Hamburg. „Der Passfälscher“ erzählt die wahre Geschichte des Juden Cioma Schönhaus. Sein Talent wurde zum Lebensretter vieler Menschen.
Mimikry, dieses Wort fällt immer wieder. Das sei seine Lebensphilosophie: die Menschen glauben lassen, was sie glauben wollen. Deshalb versteckt sich der junge jüdische Mann nicht mitten im Berlin des Jahres 1942, als schon überall Juden deportiert werden, sondern läuft offen und aufrechten Ganges durch die Straßen. Nimmt auch den Bus, was Juden streng verboten ist. Oder speist gar in einem Restaurant – und gibt sich als Soldat auf Fronturlaub aus.
Was Cioma (Louis Hofmann) entgegenkommt, sind seine blauen Augen und sein blondes Haar, womit er laut nationalsozialistischer Ideologie zur „Herrenrasse“ zählt. Cioma will das bisschen Leben, das er noch haben darf, genießen. Und was hat er auch zu verlieren? Seine ganze Familie wurde schon deportiert. Er ist noch geduldet, weil er für die Rüstungsindustrie arbeitet. Aber auch das kann jederzeit vorbei sein. Carpe diem, nutze den Tag: Selten galt diese Devise leidenschaftlicher. Und verzweifelter.
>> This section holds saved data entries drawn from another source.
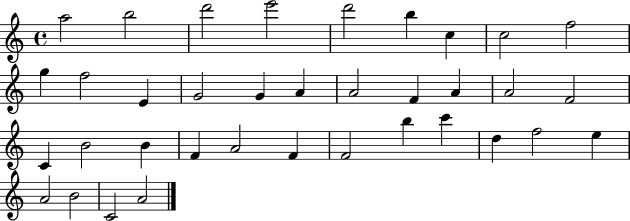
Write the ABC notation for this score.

X:1
T:Untitled
M:4/4
L:1/4
K:C
a2 b2 d'2 e'2 d'2 b c c2 f2 g f2 E G2 G A A2 F A A2 F2 C B2 B F A2 F F2 b c' d f2 e A2 B2 C2 A2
Kino Hamburg: Cioma kann im Nu Pässe fälschen
Kunst wollte er studieren. Auch das haben die Nazis verboten. Sein Talent aber und seine sichere Hand weiß er anderweitig einzusetzen: Er kann im Nu Pässe fälschen und den Stempel täuschend ähnlich nachzeichnen. Auf diese Weise rettet er vielen Schicksalsgenossen das Leben. Und schlägt den Nazi-Mördern ein Schnippchen. Unfassbar, aber wahr: „Der Passfälscher“ basiert auf der Geschichte von Cioma Schönhaus, der (mit gefälschtem Wehrpass) rechtzeitig in die Schweiz fliehen konnte und so den Holocaust überlebte. Sein Los ist das männliche Gegenstück zu „Aimée & Jaguar“ über die lesbische Jüdin Felice Schragenheim.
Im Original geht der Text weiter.